Regarding the current funding panic in institutional theater: "Since continuance and accountability are built into their missions, they come to crisis when the world stops or skips."

Instead, Ehn hopes to join "theaters that choose to operate under the radar, below the market... not institutional. They exist from incarnation to incarnation; they are in and out of chaos."

An ancillary project for the Big Cheap Theater movement is the Art Workers Hostelry, a web of artists traveling between performance scenes. In the future, Hostelry facilitators will negotiate food, shelter and transportation exchanges for visiting artist.

Already producer Don Howell and Frontera director Vicky Boone bring far-flung artists to Austin.

"You want to reach out when you are doing exciting work," says Howell, who led the Austin contingent to Iowa City. "We don't want a formalized structure, and instead we are seeking a fellowship of like-minded theater artists connected in a nationwide environment."

Expanding this loose fellowship could be as groundshaking as the 1961 founding of Theatre Communications Group was for larger nonprofit theaters, and the 1965 birth of the League of Resident Theatres was for the largest regional companies.
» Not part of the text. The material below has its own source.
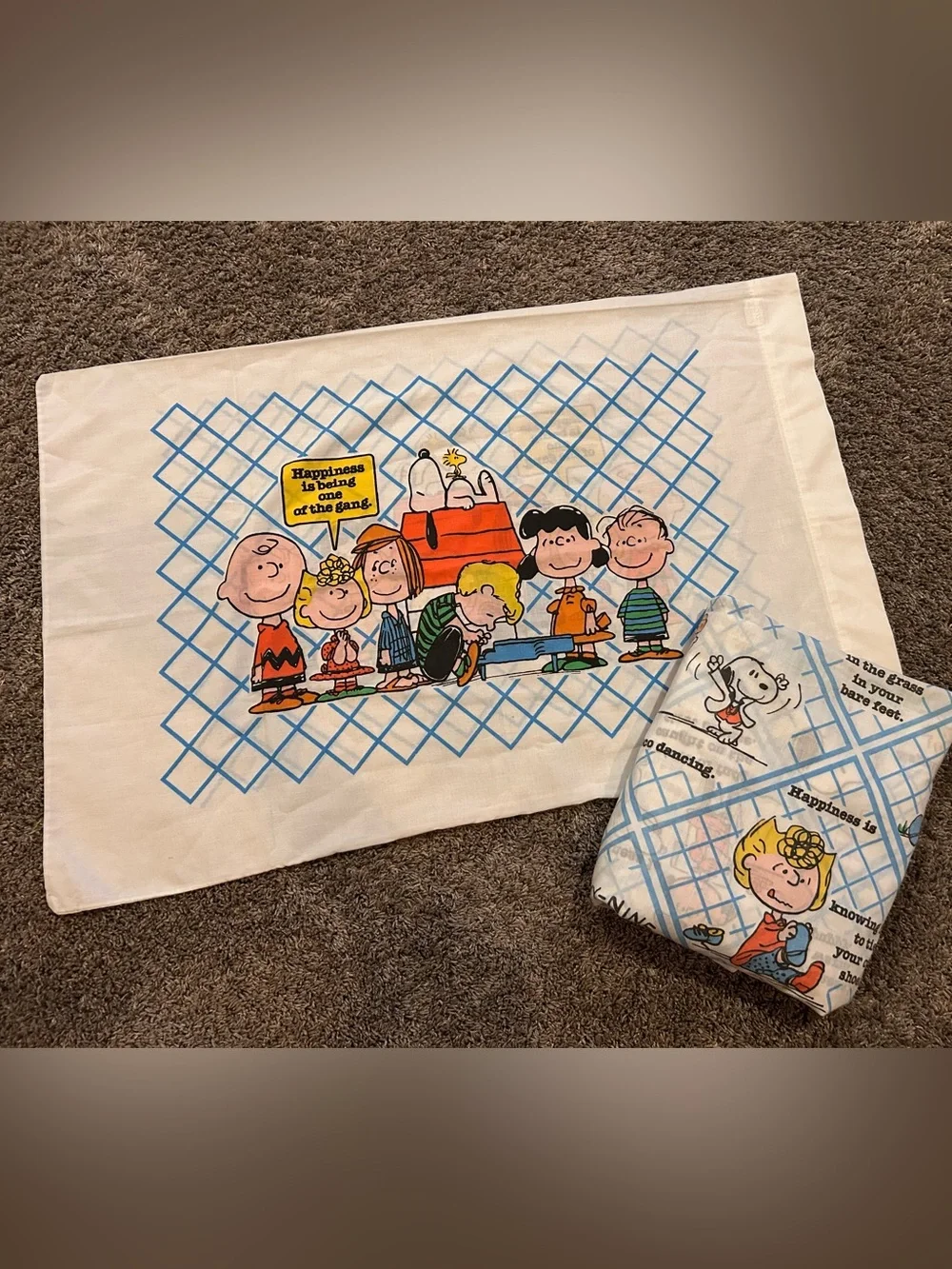Vintage 1971 Snoopy Peanuts HAPPINESS IS Twin Fitted Sheet & Pillowcase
Some adherents of the Big Cheap Theater and Art Workers Hostelry will meet during workshops in Austin and Dallas in April. Discussions will continue; a publication is planned.

"If you are looking for a model, Esther's Follies is a big and grant as they come. It's also cheap as it can be, yet it makes its point," Howell said.

Think of countless versions of Esther's, with hundreds of different aesthetic missions, everywhere.

While dreaming, catch Physical Plant's Tiller at DogStar Lounge, the Public Domain's Sherlock Holmes at Synergy Studio, Subterranean's Alabama Rain at Hyde Park Theatre, Vortex's Beirut and As the Beaver at Planet Theatre and Different Stages The Triumph of Love at the Acting Studio.

No shirker of history, Ehn wants to build on accomplished fact: "American's signal achievement is accessible theater, affordably priced."

Big Cheap Theater could vouchsafe that achievement into the next century.